I need to find fast way to get indicies of neighbors with values like current
For example:
arr = [0, 0, 0, 1, 0, 1, 1, 1, 1, 0]
indicies = func(arr, 6)
# [5, 6, 7, 8]
6th element has value 1, so I need full slice containing 6th and all it's neighbors with same value
It is like a part of flood fill algorithm. Is there a way to do it fast in numpy?

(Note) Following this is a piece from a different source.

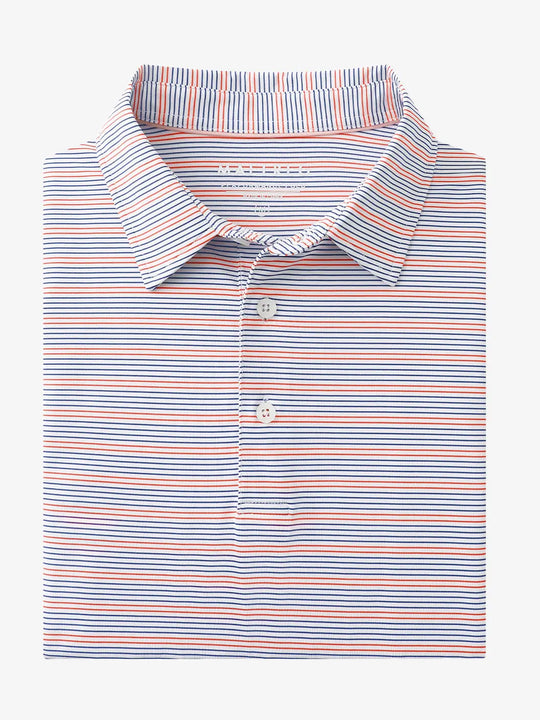 Folded Navy Red Stripe Performance Stripe Golf Shirt displayed flat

Is there a way for 2D array?
EDIT
Let's see some perfomance tests:
import numpy as np
import random
np.random.seed(1488)
arr = np.zeros(5000)
for x in np.random.randint(0, 5000, size = 100):
arr[x:x+50] = 1
I will compare function from @Ehsan:
def func_Ehsan(arr, idx):
change = np.insert(np.flatnonzero(np.diff(arr)), 0, -1)
loc = np.searchsorted(change, idx)
start = change[max(loc-1,0)]+1 if loc<len(change) else change[loc-1]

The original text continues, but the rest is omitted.